Keywords: Botulinum toxin type A, stammering, stuttering

How to cite this article:
Abramovitz A, Goyeneche C, Cánchica A, Burgues T, Sucupira E. Botulinum toxin application in the facial muscles for the treatment of stuttering. J Laryngol Voice 2017;7:14-7

How to cite this URL:
Abramovitz A, Goyeneche C, Cánchica A, Burgues T, Sucupira E. Botulinum toxin application in the facial muscles for the treatment of stuttering. J Laryngol Voice [serial online] 2017 [cited 2023 May 30];7:14-7. Available from: https://www.laryngologyandvoice.org/text.asp?2017/7/1/14/232357

   Introduction Top

Stuttering is a speech disorder characterized by involuntary interruptions of speech which impede the ability to communicate effectively. It can be characterized by the frequent occurrence of one or more of the following signs: repetition of sounds, syllables or whole words, prolongation of sounds, the interjection of breaks in the production of words or interruption between words.[1]

We describe the case of an 18-year-old male patient and our treatment of his stuttering using botulinum toxin type A (BTX-A).

   Stuttering: Types and Treatments Top

Two types of stuttering are described in the literature: acquired neurological and developmental stuttering. Acquired neurological stuttering is less common and is associated with diseases or organic neurological conditions. Developmental stuttering, with or without an associated psychiatric disorder, is the more common type, and its onset is during childhood. Its resolution can be spontaneous or with treatments like speech therapy. In some cases, the use of alternative medical therapies such as antipsychotics, benzodiazepines, selective serotonin reuptake inhibitors, and tricyclic antidepressants may assist, but with controversial results.[2]

Despite several theories proposed, the causes of stuttering are still poorly understood. Multifactorial etiologies with high emphasis on genetics and without definitive conclusions are presented as simple models.[3] However, studies using electromyographic measurements (EMG) show the muscles involved in phonation, and both intralaryngeal and extralaryngeal muscles reveal hyperactivity and increased tension in patients who stutter.[4]

For intralaryngeal musculature, it is further proposed that there is an alternative dissociation between abductor and adductor muscle fibers, which causes a blockage in the air flow and consequent interruptions, breaks, temporary inhibition, and inability to start phonation.[5] This could increase brain feedback and exacerbate hyperstimulation of the responsible motor neurons.[6]

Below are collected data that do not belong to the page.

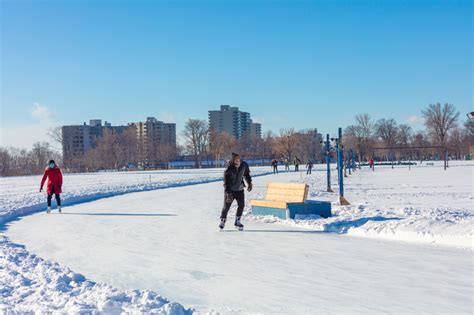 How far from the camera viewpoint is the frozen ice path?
16.5ft

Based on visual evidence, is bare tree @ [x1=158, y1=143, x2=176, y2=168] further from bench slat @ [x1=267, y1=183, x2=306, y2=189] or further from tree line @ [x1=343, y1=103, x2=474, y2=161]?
bench slat @ [x1=267, y1=183, x2=306, y2=189]

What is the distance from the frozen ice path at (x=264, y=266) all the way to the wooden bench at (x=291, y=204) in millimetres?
806

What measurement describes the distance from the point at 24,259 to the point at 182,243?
8.78ft

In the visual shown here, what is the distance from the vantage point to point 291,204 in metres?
11.1

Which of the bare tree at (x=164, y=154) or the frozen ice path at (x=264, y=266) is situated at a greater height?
the bare tree at (x=164, y=154)

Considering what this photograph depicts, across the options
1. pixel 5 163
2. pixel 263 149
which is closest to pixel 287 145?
pixel 263 149

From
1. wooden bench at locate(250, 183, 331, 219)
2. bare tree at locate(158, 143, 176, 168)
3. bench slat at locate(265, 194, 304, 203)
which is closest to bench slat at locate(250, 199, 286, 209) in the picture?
wooden bench at locate(250, 183, 331, 219)

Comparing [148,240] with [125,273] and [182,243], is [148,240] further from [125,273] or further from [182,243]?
[125,273]

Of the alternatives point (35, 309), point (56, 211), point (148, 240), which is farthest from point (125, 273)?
point (56, 211)

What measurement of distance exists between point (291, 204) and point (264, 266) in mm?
4540

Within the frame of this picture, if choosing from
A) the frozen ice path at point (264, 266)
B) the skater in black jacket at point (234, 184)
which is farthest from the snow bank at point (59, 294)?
the skater in black jacket at point (234, 184)

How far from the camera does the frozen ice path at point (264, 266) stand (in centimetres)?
504

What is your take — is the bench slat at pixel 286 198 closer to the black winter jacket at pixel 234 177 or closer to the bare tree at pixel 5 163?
the black winter jacket at pixel 234 177

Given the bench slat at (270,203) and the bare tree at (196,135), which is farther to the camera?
the bare tree at (196,135) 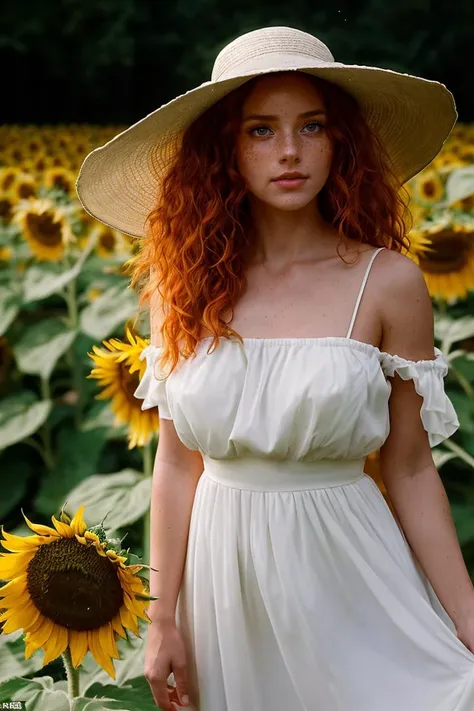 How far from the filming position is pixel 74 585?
5.31 ft

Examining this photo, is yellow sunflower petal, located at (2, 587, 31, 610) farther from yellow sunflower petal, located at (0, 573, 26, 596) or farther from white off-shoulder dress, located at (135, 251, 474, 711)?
white off-shoulder dress, located at (135, 251, 474, 711)

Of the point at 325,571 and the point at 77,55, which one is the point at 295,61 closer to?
the point at 325,571

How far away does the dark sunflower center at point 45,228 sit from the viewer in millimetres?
3721

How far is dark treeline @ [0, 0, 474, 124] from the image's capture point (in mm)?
10328

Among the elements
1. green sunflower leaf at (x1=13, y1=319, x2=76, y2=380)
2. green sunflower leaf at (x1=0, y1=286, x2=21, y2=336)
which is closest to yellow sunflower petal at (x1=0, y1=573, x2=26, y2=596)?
green sunflower leaf at (x1=13, y1=319, x2=76, y2=380)

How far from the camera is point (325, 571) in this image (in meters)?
1.64

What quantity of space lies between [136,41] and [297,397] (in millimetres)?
10498

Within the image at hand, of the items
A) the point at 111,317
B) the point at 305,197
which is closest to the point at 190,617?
the point at 305,197

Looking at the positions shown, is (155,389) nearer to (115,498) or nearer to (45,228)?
(115,498)

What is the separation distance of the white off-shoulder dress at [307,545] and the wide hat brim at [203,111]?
31 cm

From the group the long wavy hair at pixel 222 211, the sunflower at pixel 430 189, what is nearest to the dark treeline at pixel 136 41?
the sunflower at pixel 430 189

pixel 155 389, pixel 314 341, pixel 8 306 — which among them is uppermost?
pixel 314 341

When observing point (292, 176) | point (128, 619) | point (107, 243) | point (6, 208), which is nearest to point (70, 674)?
point (128, 619)

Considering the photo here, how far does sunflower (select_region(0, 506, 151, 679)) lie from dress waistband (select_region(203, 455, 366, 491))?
201 millimetres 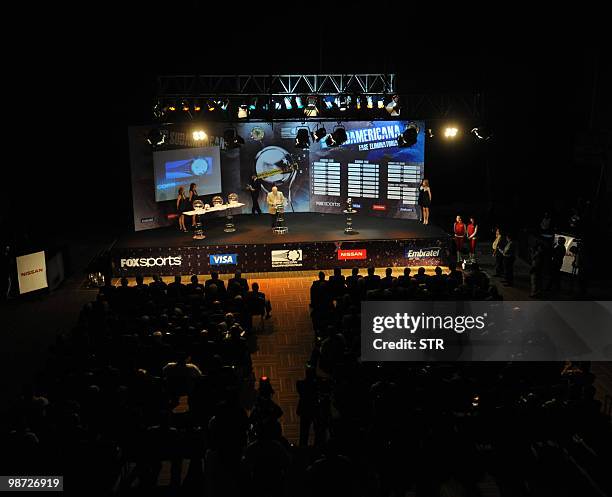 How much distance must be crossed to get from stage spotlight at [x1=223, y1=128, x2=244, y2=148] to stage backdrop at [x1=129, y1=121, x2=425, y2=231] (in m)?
1.13

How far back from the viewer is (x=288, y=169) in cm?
2134

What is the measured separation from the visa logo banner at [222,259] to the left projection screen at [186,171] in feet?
12.0

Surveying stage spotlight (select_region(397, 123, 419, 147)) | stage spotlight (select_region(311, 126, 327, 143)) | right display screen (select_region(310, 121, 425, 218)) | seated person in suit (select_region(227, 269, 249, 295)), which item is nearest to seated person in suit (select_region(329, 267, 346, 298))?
seated person in suit (select_region(227, 269, 249, 295))

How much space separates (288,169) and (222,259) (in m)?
5.60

For extralaryngeal musculature, studies have been conducted measuring EMG in the masseter muscle and orbicularis oris [7] which reveal that patients who stutter show significantly higher EMG levels when starting speech and during the speech, when compared to patients without stutter.

   Botulinum Toxin Treatment Top

BTX-A for injection is a neurotoxin that has been used as a therapeutic agent since the 1970s and was approved by the FDA for cosmetic use in the 1980s.

Injected BTX-A enters the nerve terminal by endocytosis and interacts with intracellular proteins (SNARE proteins) inhibiting vesicular release of acetylcholine-mediated Ca 2+. Inhibition of this causes temporary chemical denervation of the neuromuscular junction blocking acetylcholine release with consequent mediated striated muscle paralysis. This effect is dose-dependent and in some cases may extend to neighboring muscle groups. Its initial effect appears after 3–7 days, reaching its maximum effect at approximately 2 weeks, and full recovery of muscle function after 3–6 months. This is probably due to axonal regeneration in the fiber terminal.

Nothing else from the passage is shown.